Ajit Jain, the 66-year-old insurance chief at Berkshire Hathaway, moved a step closer to becoming the chief executive of the famed investment conglomerate after billionaire chairman Warren Buffett named him the insurance business vice-chairman, a level in the hierarchy the India-born executive would now share with the group's energy boss Greg Abel.
While Warren Buffett's son Howard Buffett would succeed him as Berkshire chairman, the chief executive's position was still open, but has just narrowed to the two, reports indicate.

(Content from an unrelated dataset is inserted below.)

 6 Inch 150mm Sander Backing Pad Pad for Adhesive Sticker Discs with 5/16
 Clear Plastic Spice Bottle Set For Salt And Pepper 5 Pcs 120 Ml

Jain is one of the favourites of Buffett, who doesn't miss an opportunity to praise the Indian Institute of Technology-Kharagpur alumnus who lifted a sagging insurance business to great heights.

"When Ajit entered Berkshire's office on a Saturday in 1986, he did not have a day's experience in the insurance business. Nevertheless, Mike Goldberg, then our manager of insurance, handed him the keys to our small and struggling reinsurance business. With that move, Mike achieved sainthood: Since then, Ajit has created tens of billions of value for Berkshire shareholders. If there were ever to be another Ajit and you could swap me for him, don't hesitate. Make the trade!"

The bouquets from the Oracle of Omaha included public admiration of Jain's ability to negotiate challenges. If someone has an option to save one of the three in a sinking ship that included himself, his business partner Charlie Munger and Ajit Jain, opt for Jain. ``Swim to Ajit,'' Buffett wrote in a letter to shareholders.

The Odisha-born Jain's first choice was not financial services, but technology-related salesmanship at IBM. Thanks to the Swadeshi fervour of the then Indian government that led IBM to shut its operations locally, Jain moved to secure an MBA at Harvard.

Jain, a cousin of former Co-CEO of Deutsche Bank Anshu Jain, is a humble man. He visits New Delhi occasionally to meet his family, but on such occasions, Jain can often be sighted travelling in non-air-conditioned metered taxis.

Berkshire's insurance businesses generated after-tax earnings of $1.4 billion from underwriting in 2016, an increase of $208 million from a year ago.

While the insurance business that Jain heads is a risky one, he doesn't expose the company to risk.

"His operation combines capacity, speed, decisiveness and, most important, brains in a manner unique in the insurance business," Buffet once wrote. "Yet he never exposes Berkshire to risks that are inappropriate in relation to our resources."

Buffett is so impressed with Jain that once he wrote to Jain's parents asking whether they have one more Ajit. The star was embarrassed when his parents framed the letter and hung it in the family living room in New Delhi.

How does one become so much loved by the god of investing?

"Buffett looks for managers who love their work and not money," Jain had told ET in a conversation in 2011.